La nota più dolente arriva però al termine della partita. Durante i saluti, senza segnali di tensione nel corso del match, il giocatore della L84 Ludgero Lopes ha colpito con uno schiaffo l'avversario Bocao. Quest'ultimo non ha reagito, evitando che la situazione degenerasse. La Meta Catania ha diffuso una nota ufficiale esprimendo «la più profonda indignazione e una ferma condanna per l’episodio verificatosi al termine della gara. A conclusione di un confronto sportivo intenso e spettacolare, durante il cerimoniale dei saluti finali, il giocatore avversario Lopez ha colpito con un pugno in pieno volto il nostro tesserato Porfirio Machado Wesley, meglio noto come Bocão. Si tratta di un gesto indecoroso, vile e inqualificabile, che nulla ha a che vedere con i valori del futsal e con la nobile tradizione della società L84 Torino, di cui riconosciamo da sempre il decoro e la sportività.
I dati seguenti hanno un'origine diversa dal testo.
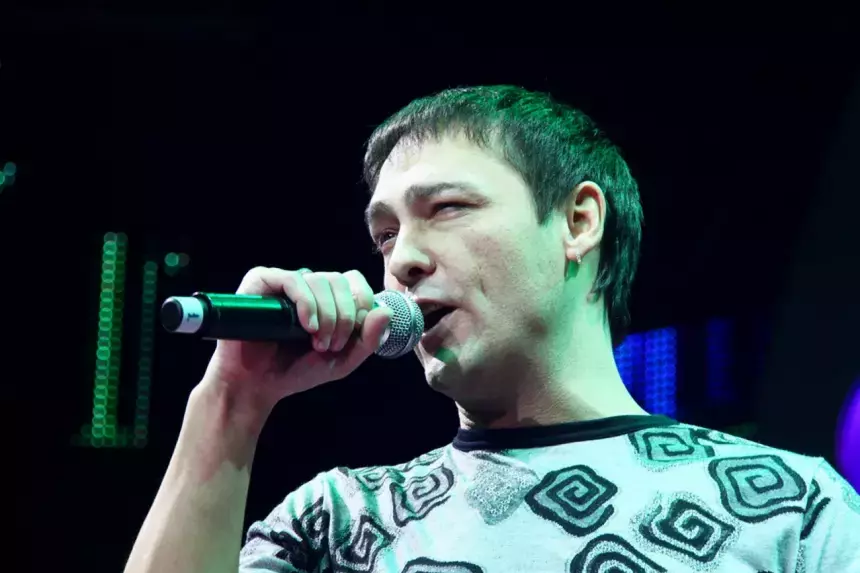 Вдова и дети Юрия Шатунова улыбались и танцевали на концерте памяти певца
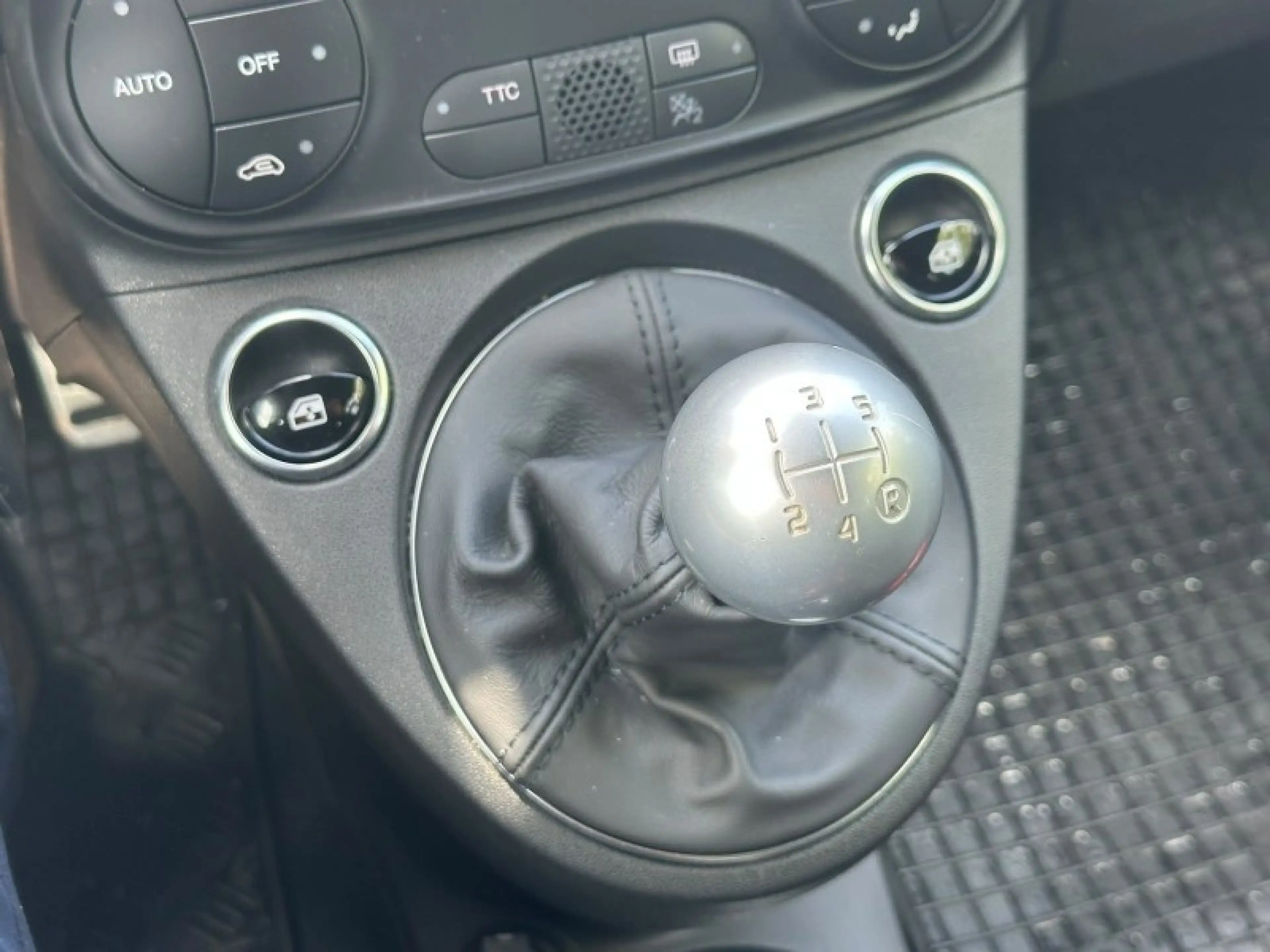 Fiat 500 Abarth 595 — photo 15
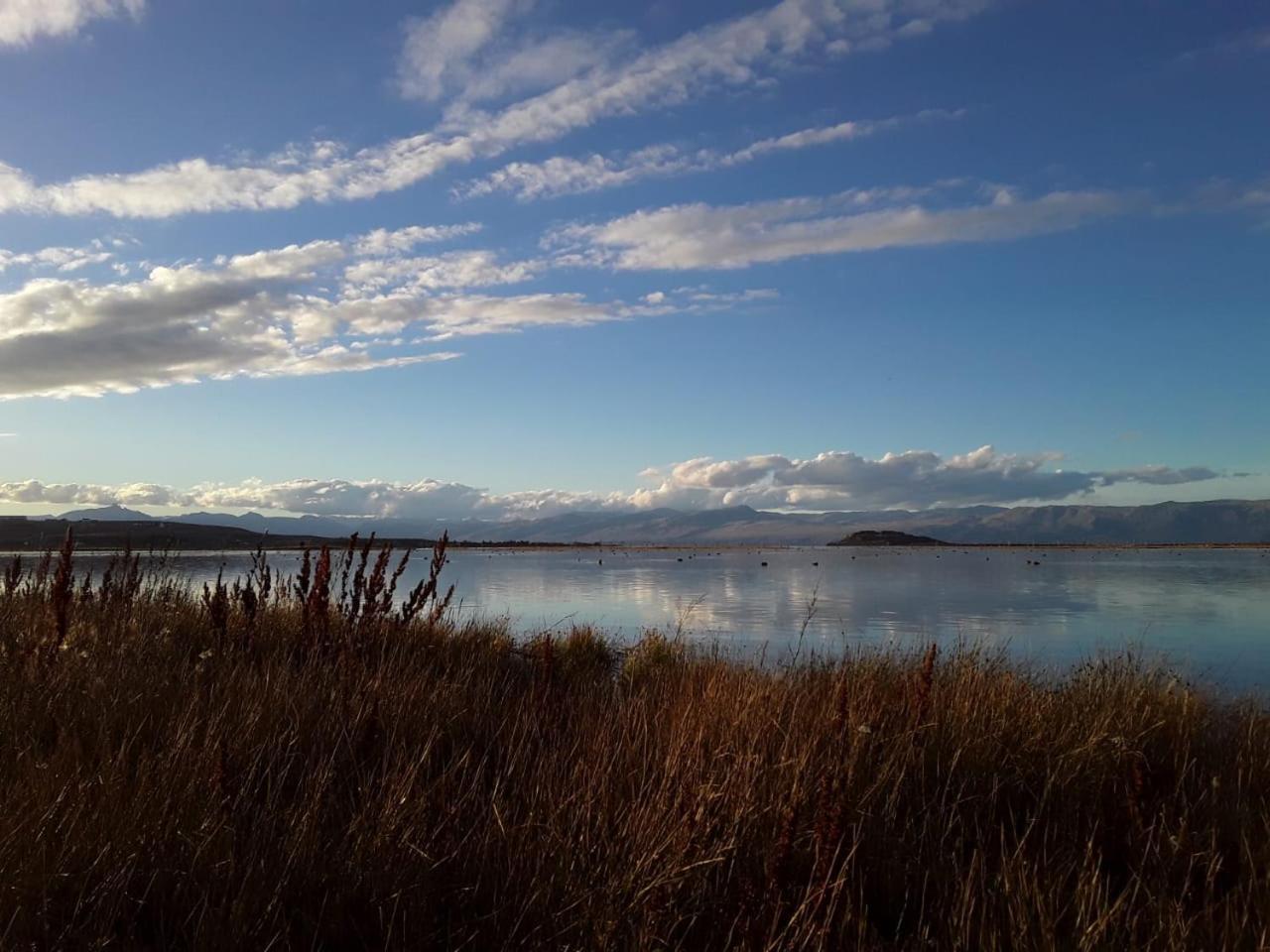 Hostel Aves Del Lago El Calafate Ngoại thất bức ảnh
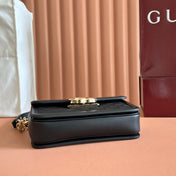 GO SMALL SHOULDER BAG 21.5 IN BLACK GG CANVAS GOLD HARDWARE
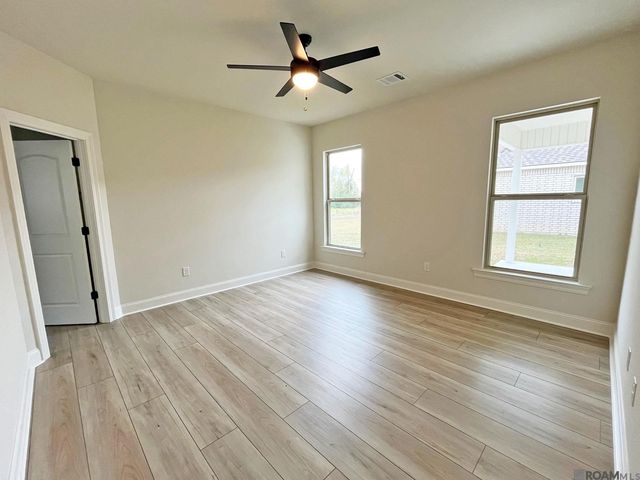 20736 Great Plains Ave, Zachary, LA 70791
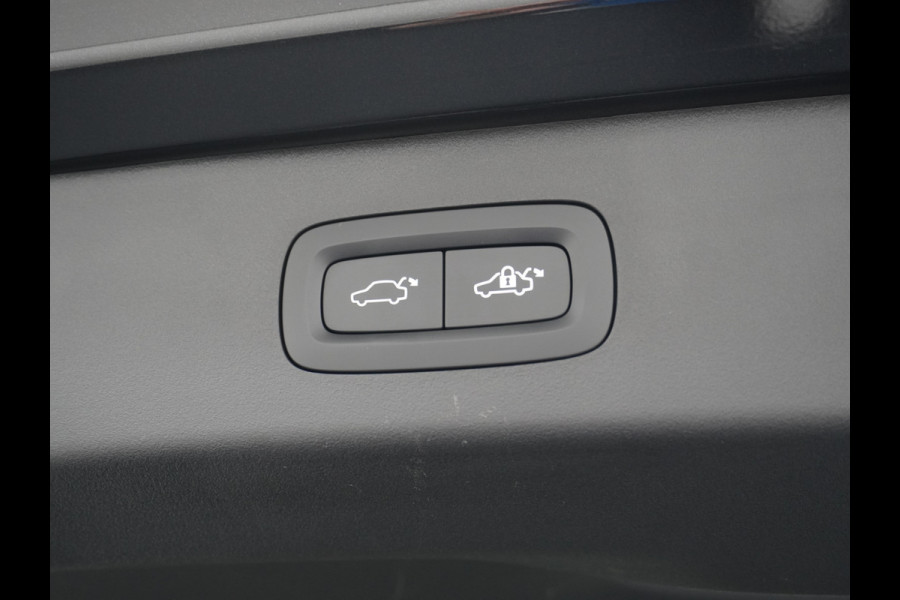 Lynk & Co 01 1.5T PHEV AUT-7 261pk Pano-Schuif-K-dak 20" 360°Camera Apple Carplay Android Auto Adap.-Cruise Navi Pdc Ecc Keyless Led Plug-In  Elek.Memory.Verwarmde.Stoel(en) File assistent Dodehoek detector Elek. Bedienbare Achterklep Rijstrooksensor Wifi Verkeersbord detectie 425Nm koppel 3,6kw laadvermogen Euro 6 Hybride Benzine / Elektrisch rijden 1.800kg trekvermogen
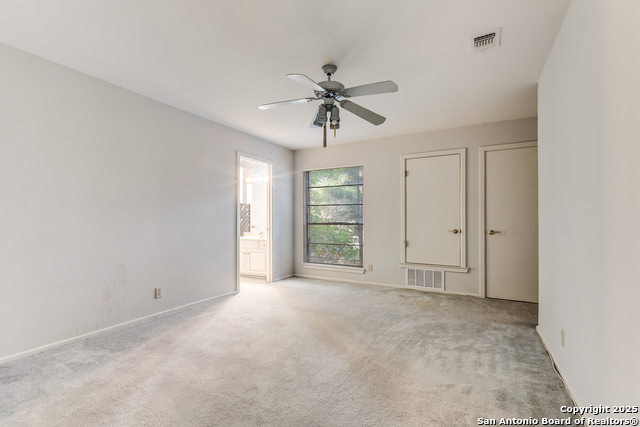 Image 19 of 27 For 3615 Hunters Point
Tuttavia, intendendo circoscrivere con chiarezza la responsabilità dell'accaduto alla condotta del singolo atleta, quanto verificatosi oggi trascende l’ambito della rivalità agonistica: non siamo di fronte a un semplice episodio antisportivo, ma a un atto di mera violenza gratuita che ferisce profondamente l'immagine del nostro sport ed in quanto tale da condannare».
La reazione violenta del verdenero potrebbe essere scaturita da un contrasto risalente a una gara passata, quando Bocao, allora al Pomezia, colpì Lopes con una gomitata venendo espulso, senza però scusarsi. «La società intende condannare quanto accaduto nel post gara della sfida tra L84 Torino e Covei Meta Catania Bricocity - spiegano dalla L84 - L’episodio non rappresenta i valori mostrati dalla società fin dal giorno della propria fondazione, poi diffusi in tutta Italia dalla prima squadra e dalle giovanili. La società accetterà qualsiasi decisione del giudice sportivo».